La crasse sous les ongles, la saleté incrustée dans les tissus. Ballet endiablé avec la poussière, noces funèbres avec l’encapuchonnée sans chair. Aussi propre que ses chiens, crachent les murmures des vilains. Gros molosses pataugeant dans la boue, enterrant leurs trésors sous terre. Une certaine ressemblance entre l’homme et la bête, l’âme aussi sombre que le pelage de l’animal, les crocs découverts contre les inconnus qui tentent de s’approcher. L’aise qui vient aisément en compagnie de ses semblables à fourrures, plutôt que ces êtres tout en chair et peu de poils, tout en émotions et sentiments qui lui échappent.
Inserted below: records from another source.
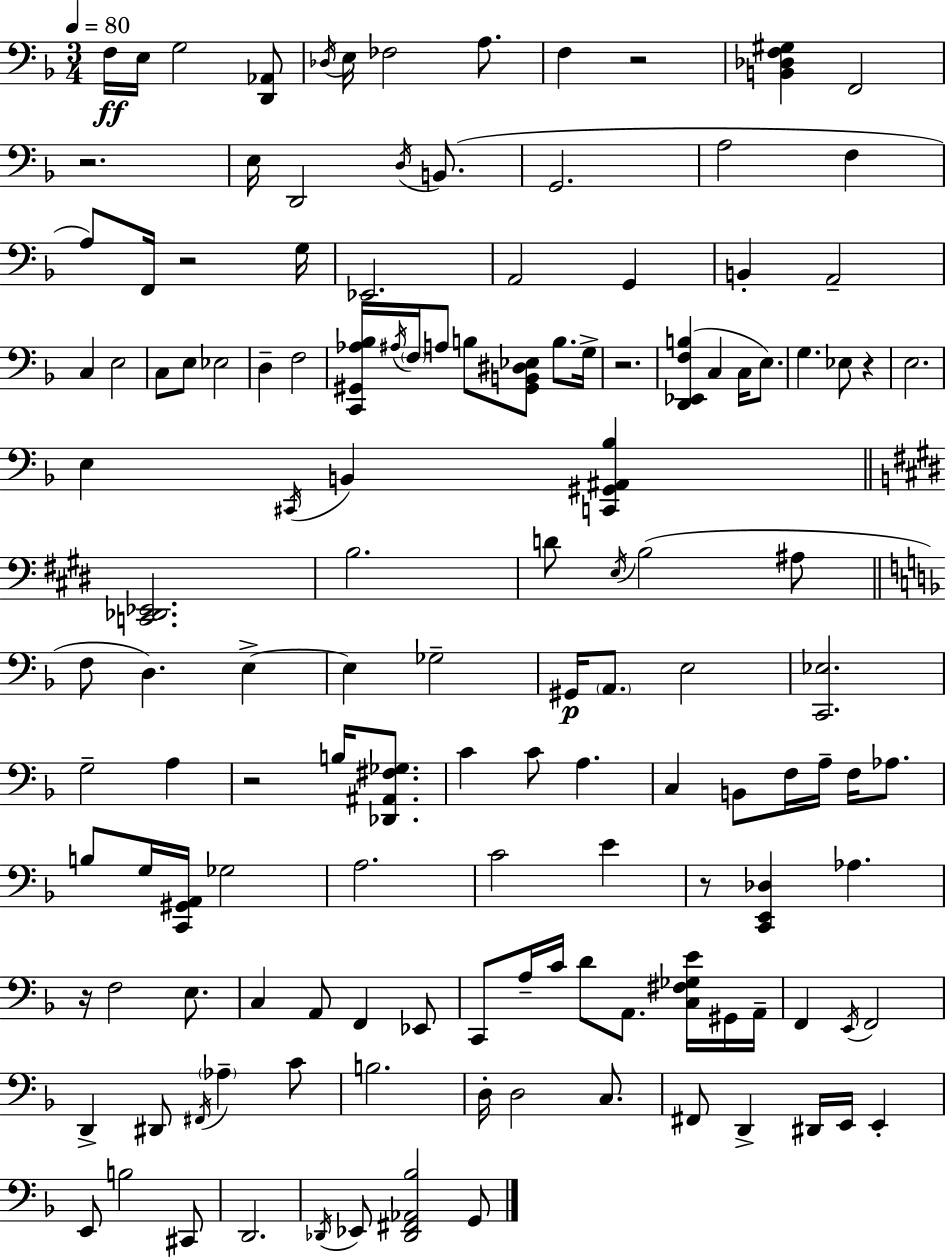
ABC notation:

X:1
T:Untitled
M:3/4
L:1/4
K:F
F,/4 E,/4 G,2 [D,,_A,,]/2 _D,/4 E,/4 _F,2 A,/2 F, z2 [B,,_D,F,^G,] F,,2 z2 E,/4 D,,2 D,/4 B,,/2 G,,2 A,2 F, A,/2 F,,/4 z2 G,/4 _E,,2 A,,2 G,, B,, A,,2 C, E,2 C,/2 E,/2 _E,2 D, F,2 [C,,^G,,_A,_B,]/4 ^A,/4 F,/4 A,/2 B,/2 [^G,,B,,^D,_E,]/2 B,/2 G,/4 z2 [D,,_E,,F,B,] C, C,/4 E,/2 G, _E,/2 z E,2 E, ^C,,/4 B,, [C,,^G,,^A,,_B,] [C,,_D,,_E,,]2 B,2 D/2 E,/4 B,2 ^A,/2 F,/2 D, E, E, _G,2 ^G,,/4 A,,/2 E,2 [C,,_E,]2 G,2 A, z2 B,/4 [_D,,^A,,^F,_G,]/2 C C/2 A, C, B,,/2 F,/4 A,/4 F,/4 _A,/2 B,/2 G,/4 [C,,^G,,A,,]/4 _G,2 A,2 C2 E z/2 [C,,E,,_D,] _A, z/4 F,2 E,/2 C, A,,/2 F,, _E,,/2 C,,/2 A,/4 C/4 D/2 A,,/2 [C,^F,_G,E]/4 ^G,,/4 A,,/4 F,, E,,/4 F,,2 D,, ^D,,/2 ^F,,/4 _A, C/2 B,2 D,/4 D,2 C,/2 ^F,,/2 D,, ^D,,/4 E,,/4 E,, E,,/2 B,2 ^C,,/2 D,,2 _D,,/4 _E,,/2 [_D,,^F,,_A,,_B,]2 G,,/2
Ils sont tellement plus beaux dans la pâleur que leur offre le trépas, dans le silence éternel de leur baiser glacial. La pelle s’enfonce dans la terre. L’esprit s’évade de sa prison de chair, gambade vers d’autres terres mornes et désolées. Grands champs de batailles abreuvés à l’écarlate des soldats sacrifiés, petits morceaux de chair carbonisés jonchent les ruines noircies d’un grand incendie, spectacle macabre d’innocence fauchée trop tôt, leurs visages déformés par la peur en voyant l’arme que brandit leur tueur. Il y a quelque chose de plaisant dans la routine, à creuser le sol pour y déposer des os. Dernier domicile de et chacun. Toujours les mêmes dimensions, six pieds sous la surface, tout juste assez pour que les petits malins ne puissent déterrer le cercueil avant que le jour ne se lève.  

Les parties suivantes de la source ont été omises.